46.秘密の特訓
「先生!聞いてくれよ!このおっちゃん達が酷いんだ!」
「ガハハハッ。別に嘘を言ってる訳じゃないさ」
「ん?いったい何の話だ?」
レンの所に来てみれば何やらガタイのいいおっちゃん達と揉めていた。いや、多分おっちゃん達の方はそんな揉めてるなんて思ってないんだろうな。
「こいつがよ、魔法剣士になりてぇって言うから現実を教えてやったんだよ」
「おっちゃん達が魔法剣士は魔法が2種類以上使えないとなれないって後2年は無理だっていうんだ!」
あーなるほどなるほど。そういうことか。
「レン、まず言うがこのおっちゃん達が言ってる事は正しいぞ?魔法剣士ってのは最低でも2種類の魔法が使えないと職業変更は出来ない」
別に2年もかかりはしないが。そこは努力次第だからな。
「でもでも!アカネ先生は1種類だけでも魔法剣士になれるって言ってた!」
あー、あんにゃろ。ちゃんと教えとけっての。ったく。
「1種類でもなれるっちゃなれるさ。その場合、その1種類の魔法で王級クラスを使えるようにならないといけないけどな」
「な……」
「レンはまだ中級が少し出来てきたくらいだ。王級なんてまだまだ先になるだろうな。ま、基本魔法の4種類は全部覚えてもらう予定だからどちらにしろなれるぞ」
「そうだよな……。先生に教われば使えるようになるよな……。でも、俺は火魔法でなりたい!アカネ先生が教えてくれた火魔法で!」
レンって本当アカネが好きだな。どこがいいんだか。あんな人外。
「ったくしゃーないな。おっちゃん達レン連れてってもいいか?」
「おういいぞ!面白そうだからな!」
ガハハと笑って承諾してくれる。さて、レンには特別補講だな。
ギルドから出て人気がない場所に移動する。見られるのはまずいんでな。
「"自己空間"」
真っ暗な世界に移動する。元いた場所とは時間の流れが違う空間。ここでなら好きなだけ特訓が出来るだろう。

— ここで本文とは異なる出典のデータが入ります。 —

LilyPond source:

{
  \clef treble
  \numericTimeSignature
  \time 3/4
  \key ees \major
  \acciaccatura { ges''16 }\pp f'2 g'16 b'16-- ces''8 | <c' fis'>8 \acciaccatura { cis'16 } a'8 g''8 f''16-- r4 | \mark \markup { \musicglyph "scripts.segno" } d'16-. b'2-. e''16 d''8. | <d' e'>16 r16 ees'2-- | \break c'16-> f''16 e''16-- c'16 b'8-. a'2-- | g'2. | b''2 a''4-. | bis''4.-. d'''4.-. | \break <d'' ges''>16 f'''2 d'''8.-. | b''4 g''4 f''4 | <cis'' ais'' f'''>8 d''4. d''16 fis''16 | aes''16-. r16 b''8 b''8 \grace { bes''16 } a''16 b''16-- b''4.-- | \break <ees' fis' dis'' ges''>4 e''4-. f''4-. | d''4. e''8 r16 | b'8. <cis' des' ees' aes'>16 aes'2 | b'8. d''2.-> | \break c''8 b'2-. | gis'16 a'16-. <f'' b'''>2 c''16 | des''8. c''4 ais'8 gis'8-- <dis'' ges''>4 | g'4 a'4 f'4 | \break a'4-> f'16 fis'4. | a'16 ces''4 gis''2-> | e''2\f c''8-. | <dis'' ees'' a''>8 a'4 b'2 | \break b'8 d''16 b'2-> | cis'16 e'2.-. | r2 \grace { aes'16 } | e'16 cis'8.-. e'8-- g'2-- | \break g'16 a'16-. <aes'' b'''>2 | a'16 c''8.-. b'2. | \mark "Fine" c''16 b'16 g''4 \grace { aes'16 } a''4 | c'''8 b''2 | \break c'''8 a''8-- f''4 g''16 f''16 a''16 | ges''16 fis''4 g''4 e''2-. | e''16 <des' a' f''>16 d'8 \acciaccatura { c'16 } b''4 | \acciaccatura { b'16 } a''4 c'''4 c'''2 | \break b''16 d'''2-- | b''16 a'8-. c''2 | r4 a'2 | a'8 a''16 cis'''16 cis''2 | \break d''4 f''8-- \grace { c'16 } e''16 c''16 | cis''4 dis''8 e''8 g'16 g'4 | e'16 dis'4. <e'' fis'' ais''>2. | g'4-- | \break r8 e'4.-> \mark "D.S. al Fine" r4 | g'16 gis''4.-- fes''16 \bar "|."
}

「レン、ここは外とは時間の流れが違う。こんなかに何時間、何日、何十年といても外では数秒から数十秒にしかならない。腹も減らないようになってるから好きなだけ特訓するといい」
「先生!ありがとう!」
「お前にこれを渡しておく。これは黒結石っていって通信連絡が出来る魔道具だ。ここから出たくなったらそれで俺に連絡しろ」
「わかった!」
さてさて、連絡が来るのは何秒後かね。
空間を閉じて、レンだけを残したまま一人元の場所へ戻る。レンを回収する時にも見られたくないので、その場で待機だ。二十秒くらいして黒結石に連絡が来た。レンからだ。

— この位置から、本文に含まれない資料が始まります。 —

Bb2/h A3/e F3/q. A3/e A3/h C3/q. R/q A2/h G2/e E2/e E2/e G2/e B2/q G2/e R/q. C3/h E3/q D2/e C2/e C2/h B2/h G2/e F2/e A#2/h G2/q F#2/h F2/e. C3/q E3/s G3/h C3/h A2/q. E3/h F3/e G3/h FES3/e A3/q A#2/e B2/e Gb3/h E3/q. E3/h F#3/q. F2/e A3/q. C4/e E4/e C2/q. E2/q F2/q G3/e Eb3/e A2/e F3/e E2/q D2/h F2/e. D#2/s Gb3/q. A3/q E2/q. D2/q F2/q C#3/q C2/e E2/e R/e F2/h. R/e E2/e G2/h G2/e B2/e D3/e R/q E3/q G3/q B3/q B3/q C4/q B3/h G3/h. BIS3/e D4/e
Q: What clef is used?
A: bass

「よ。お前的には久しぶりになるんだろうが、どうだったよ?」
「はぁ、はぁ。上級までは、何とか。でも王級は無理だった……」
「ま、上出来だろ。王級がそんなポンポン出来たら教える事が無くなっちまうよ」
にしても、上級は出来るようになったのか。すげぇな。今の所魔法は一番なんじゃって思ったがクーがいたわ。あいつ俺の魔法使いがベースだから王級、禁止級まで使い放題だった。制約で禁止級は使えないようにしてあるけど。
「そんじゃ俺おっちゃん達の所に行ってくる!」
「ああ。あんま驚かせるなよ」
ま、さっきまで中級がやっとのやつが上級使ったらかなり驚くだろうけどな。